Voyons comment Madame de Chartres va pouvoir exercer une influence sur sa fille qui vient d’être introduite dans ce milieu périlleux. 

L’éducation de la jeune fille est présentée pour sa mère comme une entreprise extrêmement sérieuse comme on peut le voir avec l’expression ” avait eu tant d’application ” et “ne discontinua pas de prendre les mêmes soins ” Cette entreprise difficile est rendue d’autant plus nécessaire au vu de la dangerosité du lieu das lequel la jeune fille va désormais évoluer.

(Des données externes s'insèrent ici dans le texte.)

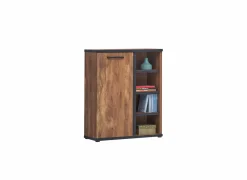 Commode Ellen 94x40x115cm - decor - acacia & zwart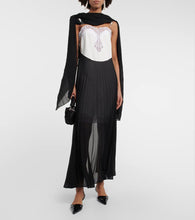 Christopher Kane Mrs Robinson lac-trimmed midi dress with cape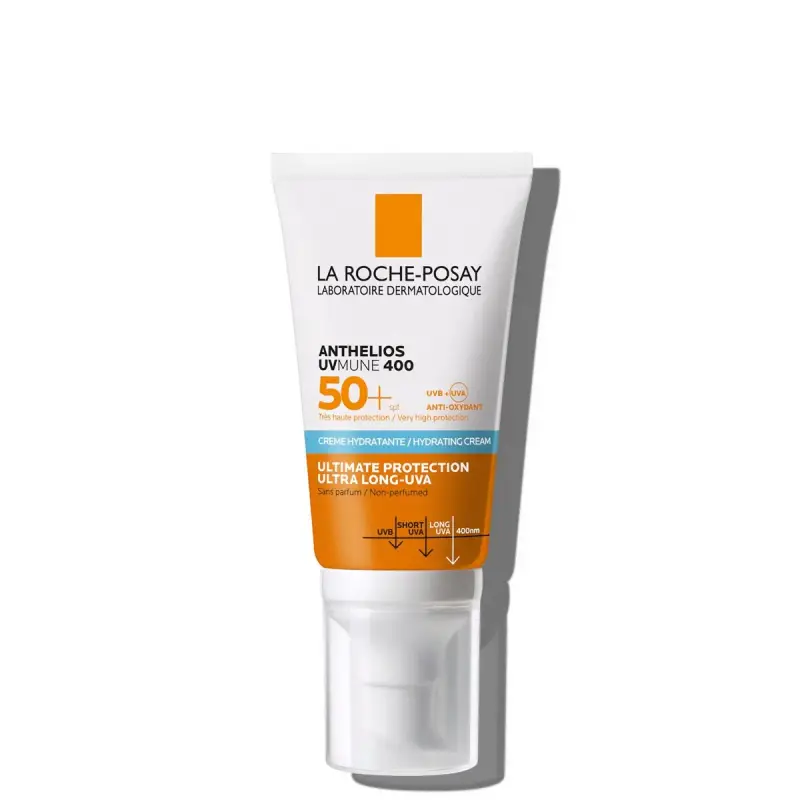 Anthelios UVMune 400 Fluido Invisibile SPF50+ senza profumo - Protezione solare viso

 Du coup, la peinture des dangers de la cour renforce le caractère ardu de l’éducation pour la mère préoccupée de l’avenir de sa fille. La Cour est vue par la mère comme une sorte d’enfer où se mêlent les séductions des plaisirs et les plus grands dangers pour les âmes innocentes . On comprend ainsi la valeur de ce qu’elle va inculquer à sa fille au moment où elle va se retrouver confrontée à “tant d’exemples si dangereux” ; D’emblée ; le destin de la future Princesse est présenté comme périlleux et le lecteur peut d’ores et déjà se demander si elle va succomber à toutes les tentations.

Madame de Chartes es caractérise par une lucidité hors du commun “elle voyait ce péril” et un désir de protection maternelle à son paroxysme: “elle ne songeait qu’aux moyens d’en garantir sa fille ” On peut toutefois souligner le paradoxe de la position de la mère qui, à la fois, offre sa fille à tous les regards afin de lui trouver le meilleur parti possible et en même temps, lui demande de se forger une carapace et de se méfier de tout le monde, en particulier des hommes.

La modernité de ce roman vient de la demande de la mère d’être considérée par sa fille comme une amie  et surtout comme une confidente sur le plan amoureux ; Madame de Chartres compte sur son expérience pour protéger sa fille des mensonges que les hommes de la Cour seraient tentés de lui dire afin de s’assurer ses faveurs ou de lui arracher une promesse de mariage ; Il est donc logique que sa mort  prématurée dans le roman plonge la jeune femme dans le plus grand désarroi car elle perd à la fois l’amour d’une mère mais également les précieux conseils d’une amie. La relation mère/fille ne se construit pas seulement sur le respect mais sur un attachement et une affection véritable. A cette époque, il était rare de constater une véritable complicité entre les parents et les enfants qui ne partageaient pas toujours le même toit, surtout durant leur enfance. Néanmoins, certaines auteures comme Madame De Sévigné ou ici , madame de La Fayette se font l’écho d’un nouveau mode de relations, plus intime , entre les mères et les filles.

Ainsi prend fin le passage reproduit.